Le texte européen réserve la qualité à agir aux seuls consommateurs, c’est-à-dire à « toute personne physique qui agit à des fins qui n’entrent pas dans le cadre de son activité́ commerciale, industrielle, artisanale ou libérale ». Elle opère une distinction claire avec les « professionnels », c’est-à-dire « toute personne physique ou morale, qu’elle soit publique ou privée, qui agit, y compris par l’intermédiaire d’une autre personne agissant au nom ou pour le compte de ladite personne, à des fins qui entrent dans le cadre de son activité́ commerciale, industrielle, artisanale ou libérale ». Le dispositif semble bien exclure que des professionnels puissent exercer un recours collectif, par exemple contre les GAFAM, la qualité à agir restant réservée aux consommateurs : « Les infractions qui lèsent des personnes physiques ayant la qualité de professionnel au sens de la présente directive ne devraient pas être couvertes par celle-ci » (Directive (UE) 2020/1828, considérant 14).

Les recours doivent être intentés exclusivement par le biais d’entités qualifiées (Directive (UE) 2020/1828, article 4).

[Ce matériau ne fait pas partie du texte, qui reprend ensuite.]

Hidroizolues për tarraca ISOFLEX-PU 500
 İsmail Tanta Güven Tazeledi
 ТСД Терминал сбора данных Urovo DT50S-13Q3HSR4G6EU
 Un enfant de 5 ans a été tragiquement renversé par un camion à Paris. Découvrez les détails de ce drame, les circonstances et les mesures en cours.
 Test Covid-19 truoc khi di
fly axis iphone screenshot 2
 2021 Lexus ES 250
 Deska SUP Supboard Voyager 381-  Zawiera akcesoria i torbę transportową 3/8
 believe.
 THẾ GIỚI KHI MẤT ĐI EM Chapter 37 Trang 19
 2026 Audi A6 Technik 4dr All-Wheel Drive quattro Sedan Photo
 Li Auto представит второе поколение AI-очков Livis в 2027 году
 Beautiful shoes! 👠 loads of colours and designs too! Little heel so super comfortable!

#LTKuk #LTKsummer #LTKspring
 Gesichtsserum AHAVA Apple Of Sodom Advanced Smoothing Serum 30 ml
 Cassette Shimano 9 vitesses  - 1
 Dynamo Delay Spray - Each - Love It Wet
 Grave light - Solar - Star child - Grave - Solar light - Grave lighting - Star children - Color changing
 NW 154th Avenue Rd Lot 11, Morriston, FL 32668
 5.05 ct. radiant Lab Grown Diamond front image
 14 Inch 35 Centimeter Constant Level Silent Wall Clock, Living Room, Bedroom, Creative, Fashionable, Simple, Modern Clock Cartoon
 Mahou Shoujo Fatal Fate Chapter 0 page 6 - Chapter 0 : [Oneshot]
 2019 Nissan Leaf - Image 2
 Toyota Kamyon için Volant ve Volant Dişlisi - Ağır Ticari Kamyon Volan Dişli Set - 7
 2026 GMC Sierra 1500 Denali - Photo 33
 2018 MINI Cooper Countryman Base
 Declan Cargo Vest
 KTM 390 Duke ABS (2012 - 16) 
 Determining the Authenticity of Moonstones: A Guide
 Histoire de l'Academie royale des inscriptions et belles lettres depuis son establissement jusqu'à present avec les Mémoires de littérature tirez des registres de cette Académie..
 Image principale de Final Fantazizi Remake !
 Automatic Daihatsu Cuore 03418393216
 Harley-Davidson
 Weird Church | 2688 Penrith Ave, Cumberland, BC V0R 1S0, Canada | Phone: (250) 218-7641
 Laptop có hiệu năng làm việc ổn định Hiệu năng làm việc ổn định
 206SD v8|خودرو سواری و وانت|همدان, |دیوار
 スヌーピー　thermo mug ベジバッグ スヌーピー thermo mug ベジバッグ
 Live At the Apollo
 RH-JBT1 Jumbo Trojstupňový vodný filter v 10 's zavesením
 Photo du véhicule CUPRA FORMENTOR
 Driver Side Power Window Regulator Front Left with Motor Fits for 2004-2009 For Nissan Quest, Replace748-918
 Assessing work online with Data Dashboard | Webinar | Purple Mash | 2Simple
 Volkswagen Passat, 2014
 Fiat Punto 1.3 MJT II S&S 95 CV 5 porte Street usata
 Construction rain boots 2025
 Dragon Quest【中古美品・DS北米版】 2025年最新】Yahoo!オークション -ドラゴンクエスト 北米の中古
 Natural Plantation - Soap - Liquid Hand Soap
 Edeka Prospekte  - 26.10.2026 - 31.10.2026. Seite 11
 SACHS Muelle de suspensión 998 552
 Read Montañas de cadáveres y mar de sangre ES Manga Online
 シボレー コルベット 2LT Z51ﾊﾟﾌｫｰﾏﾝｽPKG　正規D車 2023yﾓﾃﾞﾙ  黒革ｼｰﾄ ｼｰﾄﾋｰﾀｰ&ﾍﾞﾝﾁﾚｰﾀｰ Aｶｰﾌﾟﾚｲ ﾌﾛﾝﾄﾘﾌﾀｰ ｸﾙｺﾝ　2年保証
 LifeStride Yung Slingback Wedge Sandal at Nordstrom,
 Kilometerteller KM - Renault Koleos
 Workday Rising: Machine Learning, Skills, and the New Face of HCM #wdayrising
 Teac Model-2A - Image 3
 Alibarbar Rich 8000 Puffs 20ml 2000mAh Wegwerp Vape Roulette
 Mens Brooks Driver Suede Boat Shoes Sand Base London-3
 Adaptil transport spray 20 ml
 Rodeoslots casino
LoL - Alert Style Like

Celles-ci, désignées par les États membres, sont en principe des organismes de consommateurs ou encore des organismes publics (Directive (UE) 2020/1828, considérant 24). Toutefois, il est possible de constituer des entités ad hoc, qui peuvent intenter une action représentative nationale déterminée (Directive (UE) 2020/1828, considérant 28, article 4 § 6).

Des saisines uniquement par des organisations de consommateurs

L’entité qualifiée intentant une action représentative devra au préalable fournir à la juridiction ou à l’autorité administrative des « informations suffisantes sur les consommateurs concernés par l’action représentative », afin de permettre à la juridiction ou à l’autorité saisie de déterminer si elle est compétente et le cas échéant, la loi applicable (Directive (UE) 2020/1828, considérant 34, article 7 § 2). Par ailleurs, une affaire « manifestement non fondé[e] » sera rejetée par la juridiction saisie (Directive (UE) 2020/1828, article 7, § 7).

La directive ayant pour objectif premier de renforcer la sécurité des consommateurs, on peut considérer qu’un professionnel (par exemple un DSI) qui manquerait à son devoir de sécurité pourrait se voir infliger une sanction « effective, dissuasive et proportionnée » telle qu’une amende conditionnelle, des paiements périodiques ou bien encore une astreinte. D’autres sanctions sont également prévues en cas de « manquement à l’obligation de se conformer à une décision ordonnant de fournir aux consommateurs concernés des informations relatives aux décisions définitives ou (…) au refus de se conformer à une telle obligation ». En outre, des mesures procédurales sont également envisagées en cas de « refus de se conformer à une décision ordonnant de produire des preuves » (Directive (UE) 2020/1828, considérant 69).

Le texte européen permettrait ainsi, selon son rapporteur Geoffroy Didier, d’assurer « un équilibre entre une protection renforcée pour les consommateurs et la garantie pour les entreprises de la sécurité juridique dont elles ont besoin ». En outre, bien que certains puissent déplorer le fait que cette action reste réservée aux entités habilitées, il semble primordial de rappeler que la directive a vocation à n’instaurer qu’un cadre harmonisé au sein des États membres lesquels restent libres d’interpréter plus largement cette directive. La France a donc jusqu’au 25 décembre 2022 pour s’y conformer et pour adapter et renforcer la législation française en matière d’action de groupe.